The top five skills of a CISO
11:30 Wednesday, 11 August 2021
UK Cyber Security Council
What skills does one need to work in cyber security? How long is a piece of string? It’s tempting to suggest that if one asks half a dozen different people, there will be half a dozen different answers. But is that in fact the case? We compared ten different articles that focus on the skills a CISO needs.
With regard to technical expertise, four of ten chose not to say it was necessary and instead focused on the soft skills elements. The majority (six) that did cite it as necessary, however, were generally very blunt – saying, for example: “effective CISOs … do need to have a strong understanding of the information technology systems they are protecting and the tools they are using to protect them”.
The closest to unanimity among CISO skills was communication – and in fact those that didn’t specify the “c” word specifically still alluded to it with phrases like “executive presence” and “ability to influence the Board”. Communication is firmly on the CISO skills list, therefore.
Strategy and an understanding of the business mission also scored well. One list cited “knowledge and understanding of the business and its mission” specifically, while others used words like “align plans with core objectives” and “align [the] business mission with security objectives”.
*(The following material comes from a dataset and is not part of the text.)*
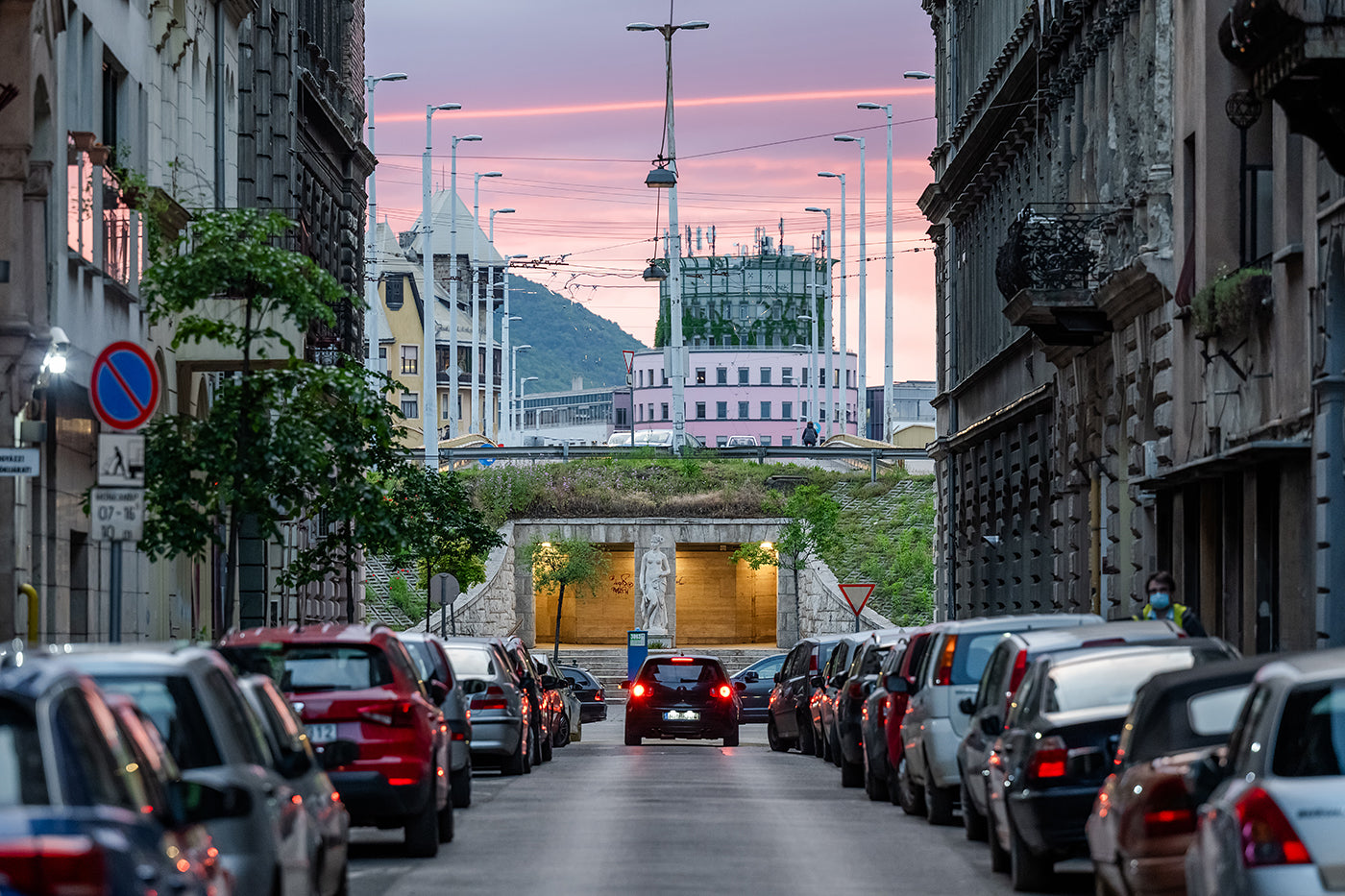 Szív utca naplementekor #8205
Leadership was listed specifically in four of the ten lists, with “supervisory” skills in one more and “planning and strategic management’ in another. The rough concept is clearly considered important in some guise, therefore.
The final item that leapt from the page in six of the ten lists was the ability to learn and continuously develop one’s skills. As one list put it: “[CISOs] must be dedicated to their own education and self-development”.
The other skills that received fewer mentions? “Political skills” was an interesting one, though the detail talks in a slightly more diplomatic way as: “understand[ing] the needs and concerns of the executive team … and then present the information security program as a response to these needs”. Then we had “having a mind for metrics”, problem-solving skills, inter-departmental co-ordination, attention to detail, ambition, empathy and ethics.
The core five top skills were largely unsurprising, though: begin with a level of technical knowledge, be a tremendous communicator, be an effective leader, and make sure you understand the business so you can apply your security approach to it. And finally, keep your knowledge up to date to remain effective.